Au plaisir de vous lire.
Écrit par : Le Penseur Disparu | 12 janvier 2017
Mon sentiment est aussi de veiller aux effets pervers des bonnes intentions en matière d'égalité des chances et des richesses. Le droit de faire bénéficier ses héritiers, ou toute personne de son choix des fruits de son travail, pendant sa vie ou après, n'a rien de choquant ; taxer cet enrichissement ne l'est pas non plus. A cet égard, la diminution voire suppression pour un conjoint survivant d'impôt sur les successions constatée récemment en France n'est pas très démocratique et favorise la détention de richesse au sein d'une même catégorie sociale.
Et quid de l'avenir des entreprises crées et de la Propriété intellectuelle ?

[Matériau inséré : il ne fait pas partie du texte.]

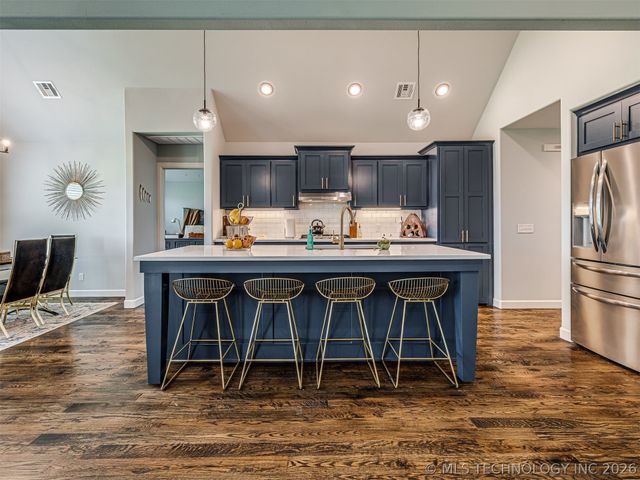 2334 W Maple Street, Collinsville, OK 74021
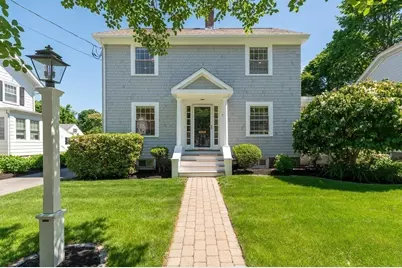 7 Clifton Avenue, Beverly, MA 01915 - Photo 1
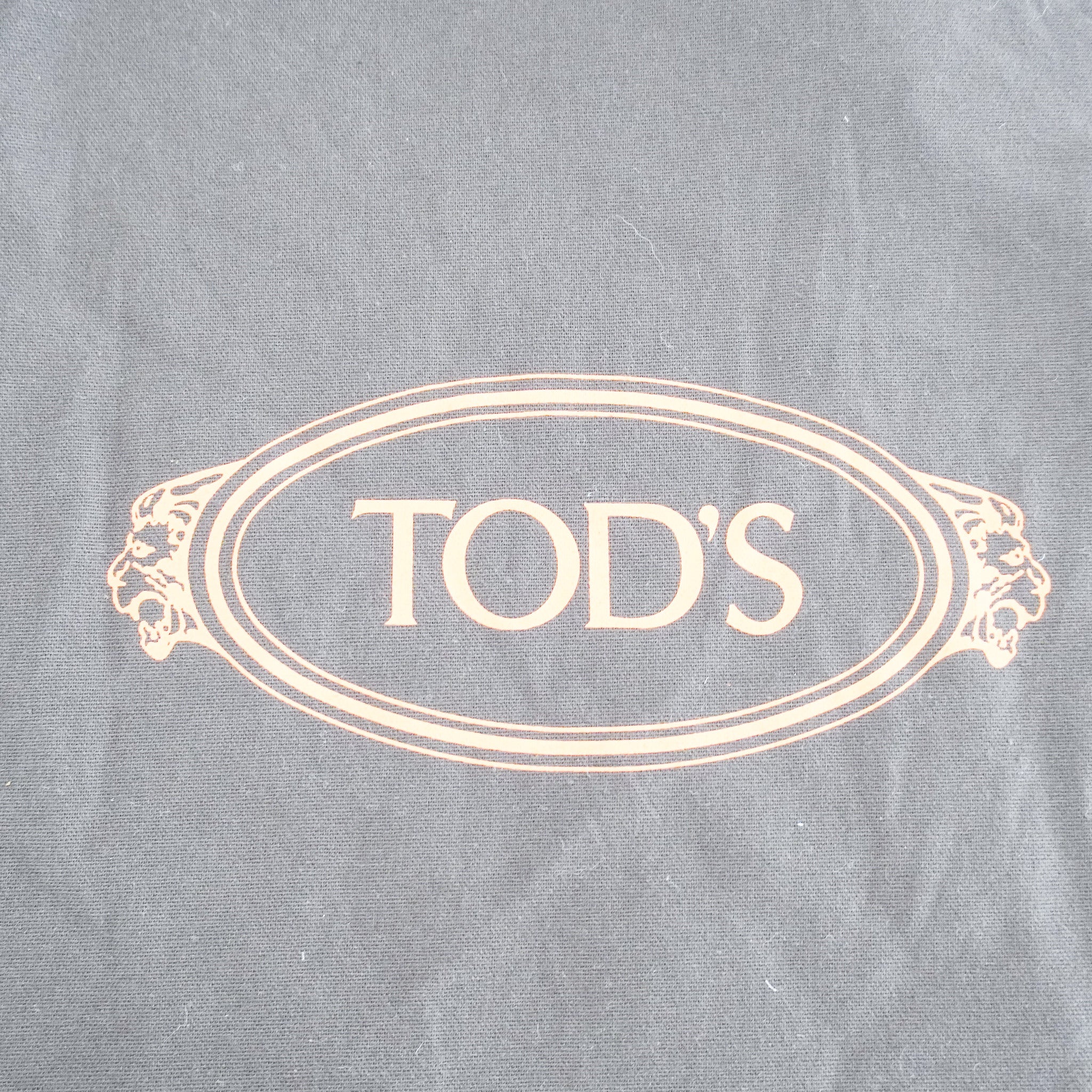 Tod's T Timeless Raffia Shoulder Bag RRP £2,390 | Authentic Preloved - Image 9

Tout est question de mesure et en revanche, l'impôt sur la fortune qui grève annuellement des biens déjà taxés à l'origine, comme le dit Le penseur Disparu, me paraît inique par le principe même de sa récurrence.
On disait jadis qu'un américain qui gère bien sa fortune est celui qui a dépensé son dernier dollar quelques minutes avant sa mort ... qu'en pense Donald Trump ?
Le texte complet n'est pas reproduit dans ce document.